*** Raw data Section Begins ***
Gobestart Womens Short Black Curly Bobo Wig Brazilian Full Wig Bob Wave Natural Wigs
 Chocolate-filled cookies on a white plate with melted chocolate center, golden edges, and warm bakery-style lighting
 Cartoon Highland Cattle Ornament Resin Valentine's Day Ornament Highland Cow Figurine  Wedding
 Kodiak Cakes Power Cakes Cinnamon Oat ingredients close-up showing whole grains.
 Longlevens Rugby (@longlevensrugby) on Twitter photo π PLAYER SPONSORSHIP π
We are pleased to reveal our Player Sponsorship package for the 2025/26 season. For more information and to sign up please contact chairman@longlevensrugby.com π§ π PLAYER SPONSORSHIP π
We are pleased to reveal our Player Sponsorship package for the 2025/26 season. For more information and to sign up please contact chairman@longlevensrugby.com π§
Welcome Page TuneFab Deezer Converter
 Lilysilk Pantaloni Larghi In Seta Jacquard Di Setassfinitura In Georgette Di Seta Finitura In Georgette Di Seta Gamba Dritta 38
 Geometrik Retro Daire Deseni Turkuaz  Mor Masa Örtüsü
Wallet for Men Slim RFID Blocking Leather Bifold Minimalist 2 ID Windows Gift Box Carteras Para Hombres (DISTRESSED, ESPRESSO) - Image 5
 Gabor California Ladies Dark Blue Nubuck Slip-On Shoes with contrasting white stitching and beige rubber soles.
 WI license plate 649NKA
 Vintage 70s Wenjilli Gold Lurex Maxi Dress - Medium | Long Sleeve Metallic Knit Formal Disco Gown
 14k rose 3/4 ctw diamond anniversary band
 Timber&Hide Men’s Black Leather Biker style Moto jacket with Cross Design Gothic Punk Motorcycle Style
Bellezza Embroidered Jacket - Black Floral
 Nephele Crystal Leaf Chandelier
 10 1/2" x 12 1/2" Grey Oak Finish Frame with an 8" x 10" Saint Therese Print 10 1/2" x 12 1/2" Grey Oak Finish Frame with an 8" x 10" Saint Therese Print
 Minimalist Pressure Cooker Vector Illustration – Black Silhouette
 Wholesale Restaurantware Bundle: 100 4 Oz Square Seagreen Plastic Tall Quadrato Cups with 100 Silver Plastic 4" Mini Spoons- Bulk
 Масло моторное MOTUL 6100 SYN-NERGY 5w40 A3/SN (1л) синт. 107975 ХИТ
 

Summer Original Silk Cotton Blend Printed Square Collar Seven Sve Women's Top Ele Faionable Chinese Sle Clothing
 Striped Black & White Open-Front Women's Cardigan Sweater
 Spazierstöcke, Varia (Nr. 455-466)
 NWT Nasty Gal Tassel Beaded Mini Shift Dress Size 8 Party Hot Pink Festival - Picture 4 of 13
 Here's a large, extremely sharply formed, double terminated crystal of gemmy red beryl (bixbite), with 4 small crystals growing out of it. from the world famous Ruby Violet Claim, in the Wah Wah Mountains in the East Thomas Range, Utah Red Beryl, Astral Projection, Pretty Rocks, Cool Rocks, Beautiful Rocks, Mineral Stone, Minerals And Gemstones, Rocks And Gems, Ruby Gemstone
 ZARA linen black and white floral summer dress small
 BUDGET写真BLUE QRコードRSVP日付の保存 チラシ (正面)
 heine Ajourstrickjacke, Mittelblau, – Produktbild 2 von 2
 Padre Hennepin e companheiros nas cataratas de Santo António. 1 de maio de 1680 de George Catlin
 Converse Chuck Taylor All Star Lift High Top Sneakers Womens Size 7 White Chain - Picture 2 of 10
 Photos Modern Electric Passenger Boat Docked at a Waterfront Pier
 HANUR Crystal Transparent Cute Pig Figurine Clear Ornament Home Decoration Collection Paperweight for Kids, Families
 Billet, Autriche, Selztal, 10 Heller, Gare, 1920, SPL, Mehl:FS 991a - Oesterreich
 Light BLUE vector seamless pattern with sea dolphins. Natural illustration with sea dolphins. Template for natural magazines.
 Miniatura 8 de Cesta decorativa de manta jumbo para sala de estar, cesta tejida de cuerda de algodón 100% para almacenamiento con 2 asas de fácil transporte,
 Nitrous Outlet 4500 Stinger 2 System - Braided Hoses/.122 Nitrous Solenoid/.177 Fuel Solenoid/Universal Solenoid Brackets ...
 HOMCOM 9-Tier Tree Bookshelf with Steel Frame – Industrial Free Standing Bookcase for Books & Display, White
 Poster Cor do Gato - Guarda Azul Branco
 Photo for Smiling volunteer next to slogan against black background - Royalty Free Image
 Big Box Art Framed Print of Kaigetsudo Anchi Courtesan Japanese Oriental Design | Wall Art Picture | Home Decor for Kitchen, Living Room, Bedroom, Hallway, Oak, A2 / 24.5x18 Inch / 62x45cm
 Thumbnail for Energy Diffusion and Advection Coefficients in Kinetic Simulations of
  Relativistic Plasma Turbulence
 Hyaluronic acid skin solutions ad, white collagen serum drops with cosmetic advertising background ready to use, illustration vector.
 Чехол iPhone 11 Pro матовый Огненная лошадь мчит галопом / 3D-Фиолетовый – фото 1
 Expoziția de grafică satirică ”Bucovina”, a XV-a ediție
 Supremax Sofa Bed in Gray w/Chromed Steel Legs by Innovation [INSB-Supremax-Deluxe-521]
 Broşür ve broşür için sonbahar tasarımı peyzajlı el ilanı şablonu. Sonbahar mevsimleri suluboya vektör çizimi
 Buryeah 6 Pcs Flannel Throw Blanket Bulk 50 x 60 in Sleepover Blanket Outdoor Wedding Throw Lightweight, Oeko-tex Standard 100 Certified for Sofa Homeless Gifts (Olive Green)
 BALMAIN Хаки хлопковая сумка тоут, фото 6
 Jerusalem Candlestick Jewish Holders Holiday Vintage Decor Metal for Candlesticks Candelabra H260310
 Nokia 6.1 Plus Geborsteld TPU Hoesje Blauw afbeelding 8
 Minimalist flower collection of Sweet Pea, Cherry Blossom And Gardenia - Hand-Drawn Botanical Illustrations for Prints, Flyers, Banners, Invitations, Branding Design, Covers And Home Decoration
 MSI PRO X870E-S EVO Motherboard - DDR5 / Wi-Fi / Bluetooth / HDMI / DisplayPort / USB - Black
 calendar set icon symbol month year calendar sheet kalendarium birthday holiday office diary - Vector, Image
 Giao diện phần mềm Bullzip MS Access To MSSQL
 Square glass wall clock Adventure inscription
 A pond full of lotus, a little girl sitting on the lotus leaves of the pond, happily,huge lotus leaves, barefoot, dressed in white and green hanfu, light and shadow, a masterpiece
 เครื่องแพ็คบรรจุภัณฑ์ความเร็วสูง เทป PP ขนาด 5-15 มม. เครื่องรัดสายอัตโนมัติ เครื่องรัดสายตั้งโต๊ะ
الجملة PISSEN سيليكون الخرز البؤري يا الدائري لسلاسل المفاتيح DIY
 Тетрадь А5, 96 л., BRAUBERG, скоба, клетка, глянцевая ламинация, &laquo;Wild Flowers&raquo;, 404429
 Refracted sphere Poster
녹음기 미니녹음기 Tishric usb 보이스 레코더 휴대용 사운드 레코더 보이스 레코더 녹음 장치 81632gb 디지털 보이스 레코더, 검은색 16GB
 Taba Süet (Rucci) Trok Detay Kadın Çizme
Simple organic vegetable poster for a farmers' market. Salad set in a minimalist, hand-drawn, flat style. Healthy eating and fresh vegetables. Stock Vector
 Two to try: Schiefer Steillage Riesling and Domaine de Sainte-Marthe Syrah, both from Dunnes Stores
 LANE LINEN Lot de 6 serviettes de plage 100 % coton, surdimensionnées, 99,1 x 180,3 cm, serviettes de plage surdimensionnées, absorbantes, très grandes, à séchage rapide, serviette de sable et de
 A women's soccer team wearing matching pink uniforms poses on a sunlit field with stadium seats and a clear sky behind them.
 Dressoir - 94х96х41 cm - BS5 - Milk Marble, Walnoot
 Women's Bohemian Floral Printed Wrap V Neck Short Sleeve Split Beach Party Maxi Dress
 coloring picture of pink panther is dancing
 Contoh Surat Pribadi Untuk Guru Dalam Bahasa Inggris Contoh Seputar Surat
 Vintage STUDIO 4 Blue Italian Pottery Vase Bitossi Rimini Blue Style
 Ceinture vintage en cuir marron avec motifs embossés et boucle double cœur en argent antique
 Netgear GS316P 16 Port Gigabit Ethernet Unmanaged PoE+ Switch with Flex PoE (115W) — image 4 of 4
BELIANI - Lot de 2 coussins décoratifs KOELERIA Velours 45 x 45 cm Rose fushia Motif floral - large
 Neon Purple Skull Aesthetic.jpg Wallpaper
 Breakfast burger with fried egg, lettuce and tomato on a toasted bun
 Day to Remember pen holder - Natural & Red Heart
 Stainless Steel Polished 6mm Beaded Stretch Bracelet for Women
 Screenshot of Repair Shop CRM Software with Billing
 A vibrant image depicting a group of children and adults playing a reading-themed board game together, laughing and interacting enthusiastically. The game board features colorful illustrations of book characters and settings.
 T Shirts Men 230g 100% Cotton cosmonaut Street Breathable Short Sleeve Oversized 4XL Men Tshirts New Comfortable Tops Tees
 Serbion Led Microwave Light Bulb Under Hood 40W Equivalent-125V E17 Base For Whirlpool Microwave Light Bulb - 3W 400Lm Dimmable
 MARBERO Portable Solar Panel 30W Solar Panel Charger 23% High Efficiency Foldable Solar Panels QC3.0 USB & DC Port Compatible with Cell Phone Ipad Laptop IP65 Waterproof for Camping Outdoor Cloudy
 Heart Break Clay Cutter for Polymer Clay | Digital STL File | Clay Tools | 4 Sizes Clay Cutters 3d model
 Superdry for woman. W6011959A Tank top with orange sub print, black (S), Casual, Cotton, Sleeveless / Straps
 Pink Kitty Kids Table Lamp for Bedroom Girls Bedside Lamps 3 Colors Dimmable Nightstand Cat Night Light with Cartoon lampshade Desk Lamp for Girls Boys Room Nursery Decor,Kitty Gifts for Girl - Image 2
*** Raw data Section Ends ***
[Description of the task] Write out each line above that contains the word "Wedding".

[Reply to the task]
 Cartoon Highland Cattle Ornament Resin Valentine's Day Ornament Highland Cow Figurine  Wedding
 Buryeah 6 Pcs Flannel Throw Blanket Bulk 50 x 60 in Sleepover Blanket Outdoor Wedding Throw Lightweight, Oeko-tex Standard 100 Certified for Sofa Homeless Gifts (Olive Green)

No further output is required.